So does he deserve a god damn thing from us?

percept”on
5th June 2004, 05:16
matter of fact, in response to the broader fallacy of "without entrepreneurs there'd be no jobs for anyone":

If I somehow stored all of the oxygen on Earth in my own personal tank and charged everyone else to breathe, then without me there'd be no air for you ingrates to breathe, and all you do is whine about having to pay for it.

Faceless
5th June 2004, 21:36
The guy who owns the factory put up the money for it, does he deserve the profit because he took the "risk" of starting a factory that has a tremendous potentiality to fail?
The Capitalist has saved this money but the people who use this arguement fail to ask, "if it as simple as a proletarian saving to then invest, why is it that the worker does not save?"
The answer is that the worker, with his small wage, must spend immediately to live. The Capitalist does not face this problem. He has that money to invest.
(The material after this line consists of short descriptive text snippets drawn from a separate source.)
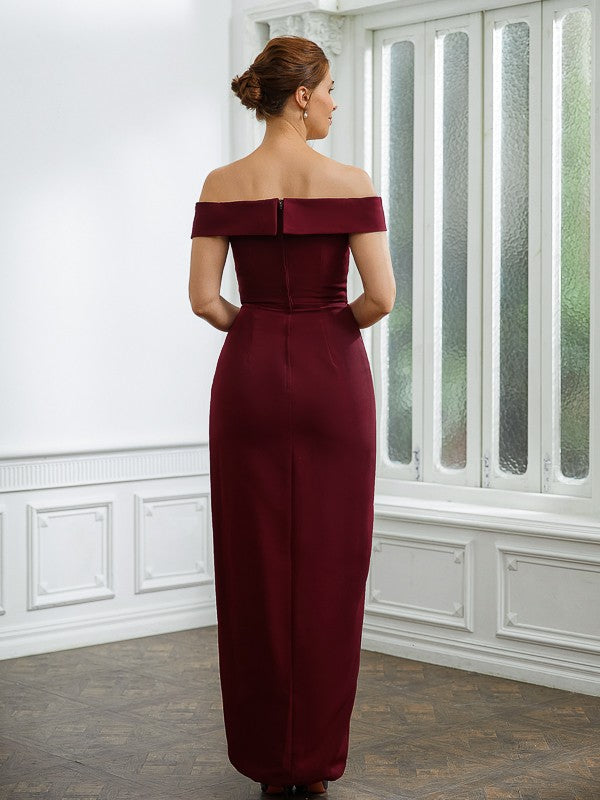 Crepe Ruched Off-the-Shoulder Sleeveless Floor-Length Mother of the Bride Dresses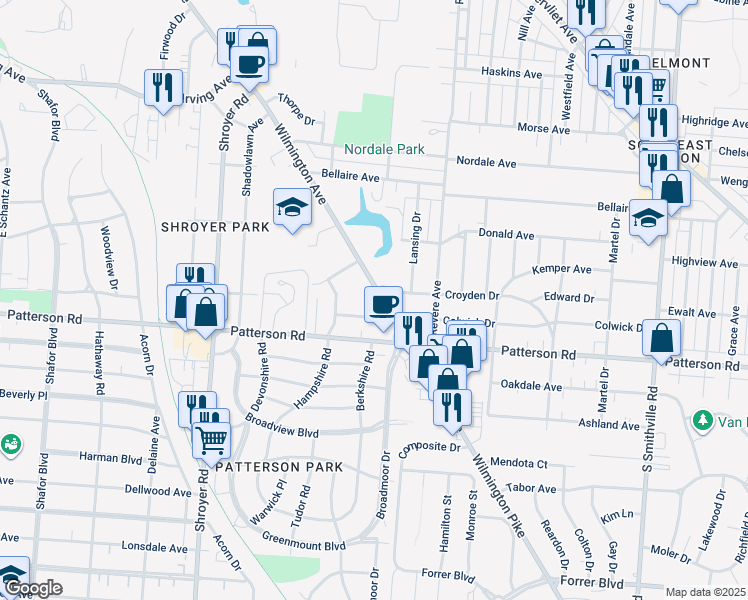 map of restaurants, bars, coffee shops, grocery stores, and more near 1053 Wilmington Avenue in Dayton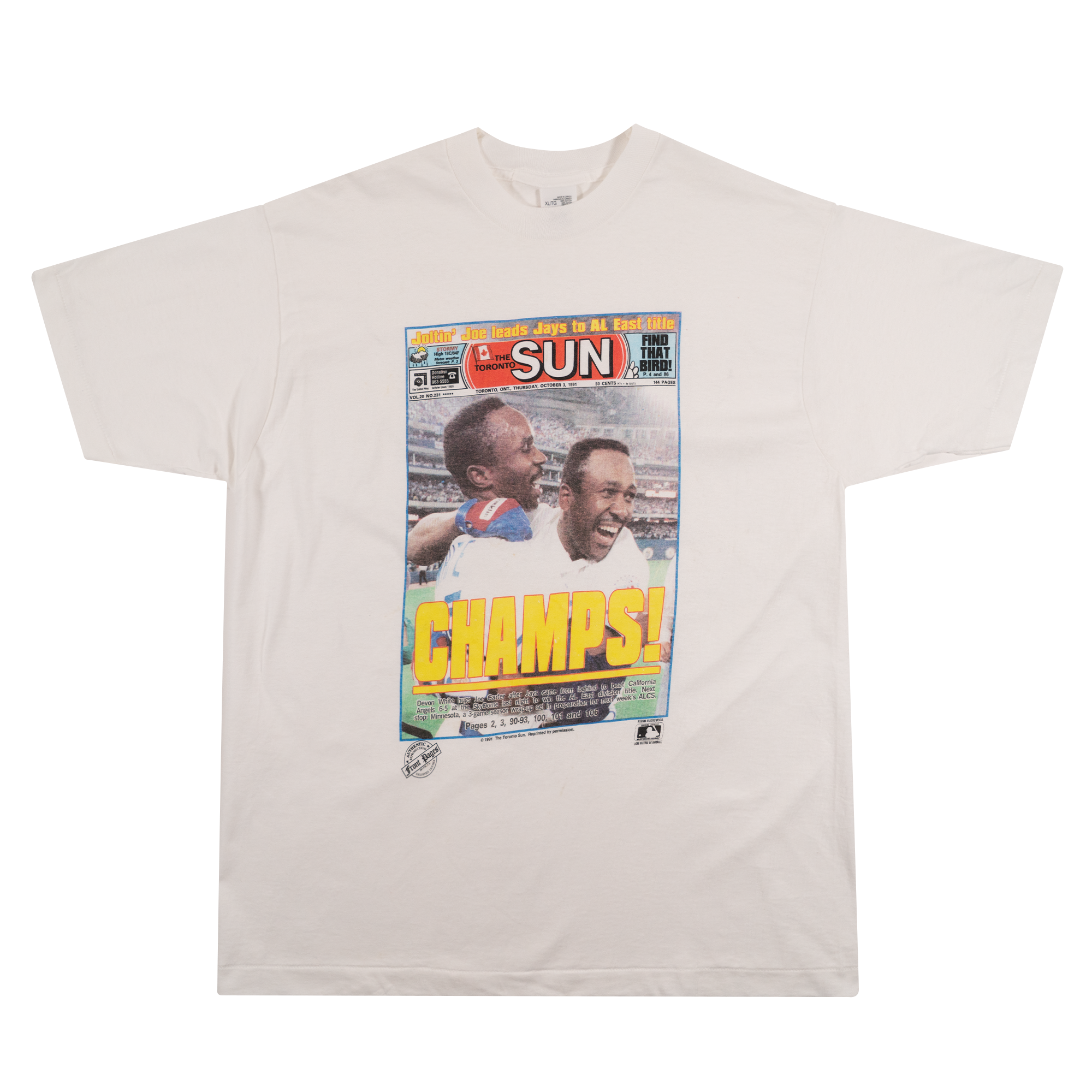 The Toronto Sun Blue Jays 1991 Cover Tee White-PLUS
In the more advanced, polar Capitalist societies the constant capital:variable capital (means of production:labour power bought) investment is massive and thus the rate of profit low. So you have to invest much to get anything. The Capitalist has such means.
If you are arguing this the Capitalist will no doubt point at some rags to riches hero. These are pure exceptions. There are no five billion gaps in the markets to elevate all workers to petty bourgeois'.

They take a risk that the proletariat do not have opportunity to.